What is shocking to me now, but seemed completely ordinary at the time, was the number of people on the streets and in the general area looking up at the towers. I don't know what happened to all these people, but there were a lot. I later reflected that my own curiosity almost put me at serious risk. I hope all these people made it to cover when the buildings fell.
I entered 2 Chase Manhattan Plaza at 9:53 AM. I remember looking at my watch. I showed my badge as always as I entered. People looked tense, but thus far systems were operating as normal. I pushed the “up” button on the elevator and waited, entering the first car that arrived in the lobby. As the elevator doors closed in front of me, it occurred to me that I had forgotten to buy coffee from the street vendor whom I visited daily. I thought about going back out to get my coffee, but I decided to check in upstairs first. I pushed the button for the third floor, where my office is located, and proceeded upward.
People were moving briskly about the third floor. Many were on cell phones and landlines. Many of my colleagues were huddled by the windows of the back conference room. My team-lead and manager looked relieved when they saw me. They had been trying to call me all morning, but of course could not get in touch on my cell phone. They checked my name off of a list and continued to try to get in touch with those people who had not arrived. My team-lead told me to call my family quickly and make sure they knew I was okay.
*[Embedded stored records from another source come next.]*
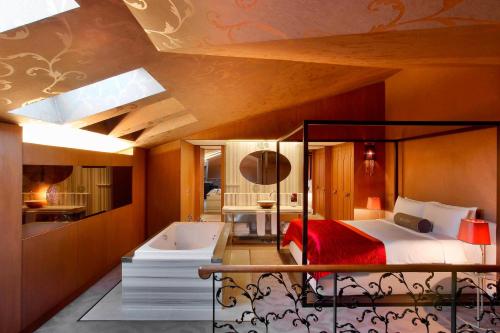 a bedroom with a bed and a bathtub and a bed and a bathroom at W Istanbul in Istanbul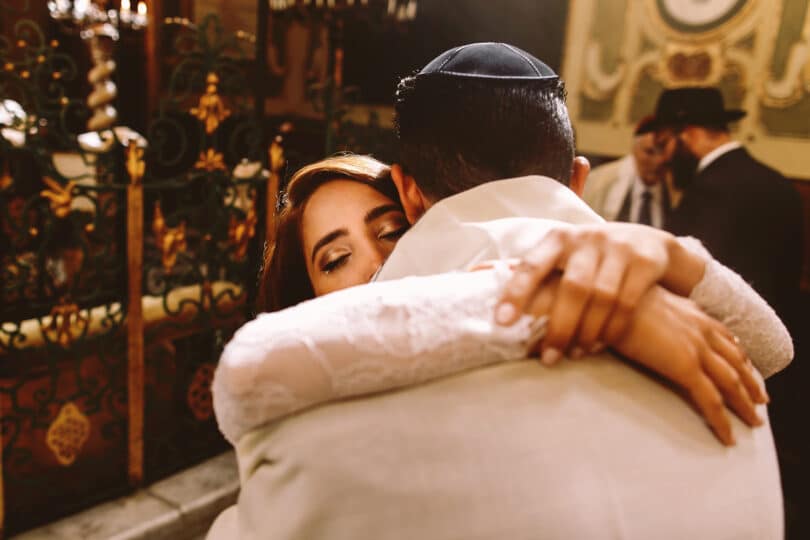 Noivos judeus se abraçando na cerimônia.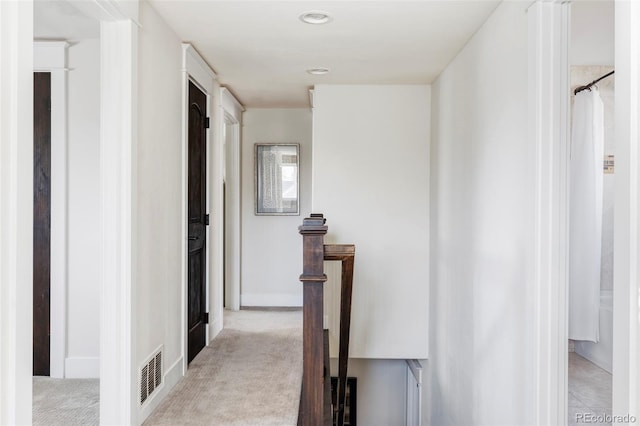 hall with light colored carpet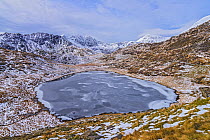 Frozen Llyn Teyrn with Y Llewydd and Mount Snowdon in background. View west from Miner&#39;s Track. Snowdonia National Park, Gwynedd, Wales, UK. March 2018.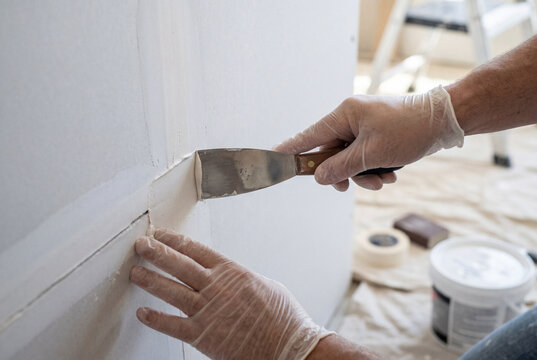 Construction worker wearing protective gloves applies white joint compound to a drywall seam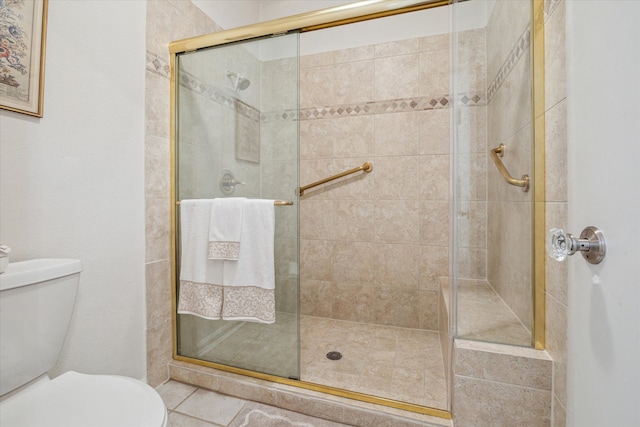 full bath featuring tile patterned flooring, toilet, and a stall shower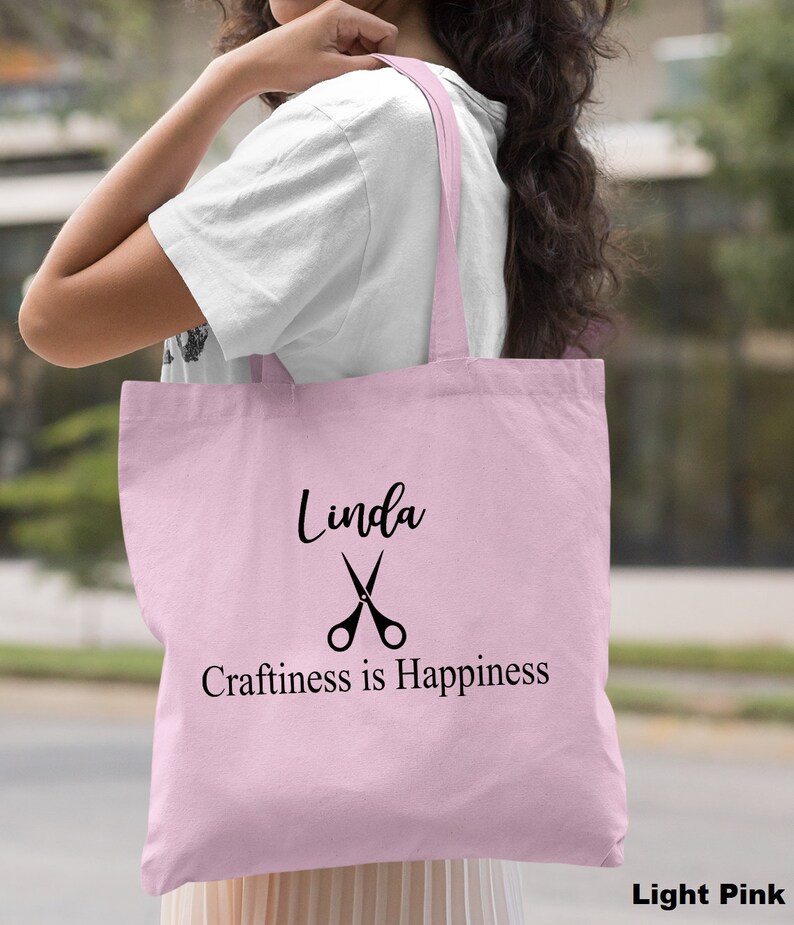 May include: Light pink tote bag with black text and a pair of scissors graphic. The text reads "Linda Craftiness is Happiness".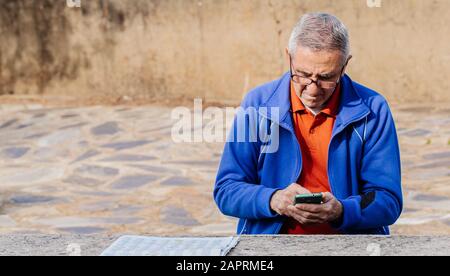 Uomo anziano che guarda e tocca lo schermo dello smartphone con il giornale sul tavolo mentre si siede nel parco Foto Stock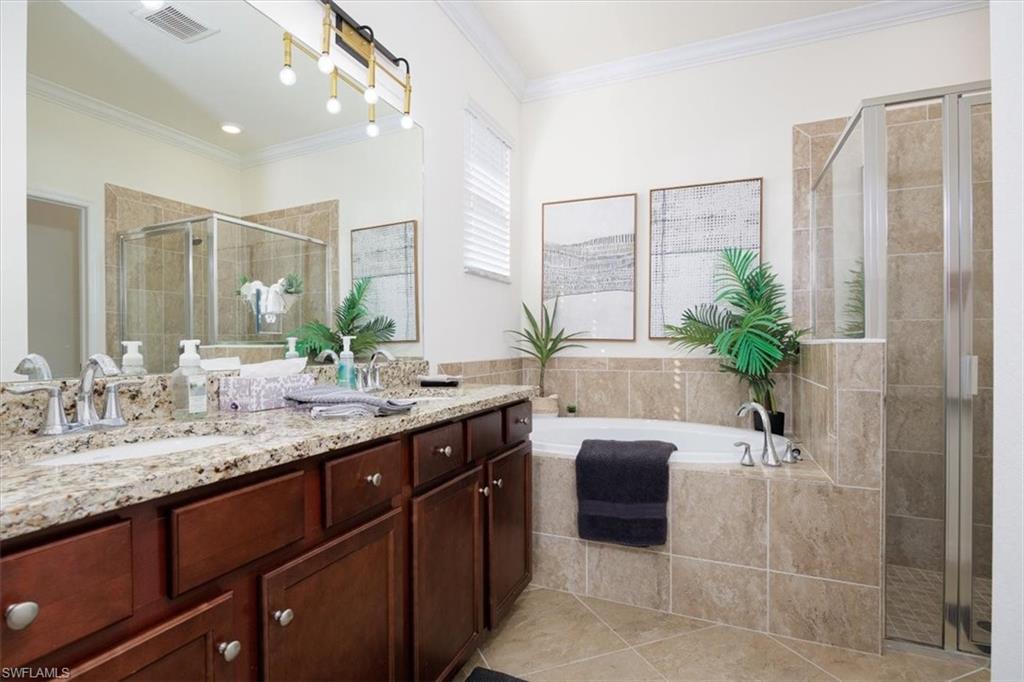 Full bathroom with double vanity, a garden tub, ornamental molding, a stall shower, and light tile patterned floors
From my desk phone, I dialed my fiance’s cell phone number, but could not get a connection. I then left a message on our apartment answering machine in case she made it home. Then I called my father. He sounded grieved when he picked up the phone and relieved when he found it was me. My brother was on the other line asking where I was and whether I was okay. I told my father I had reached my building and was okay and that we were safe in the building. I told him to try to reach my fiancé so that he could tell her I was okay. I knew she would be frantic by this point.
The situation for the time being seemed to be calm but tense. While people were looking for colleagues who had not arrived yet, I think most people thought we were not in any danger, being as much as 2 blocks away. The planes had hit, but the buildings were standing. At what I now know was 10:05 AM, that all changed.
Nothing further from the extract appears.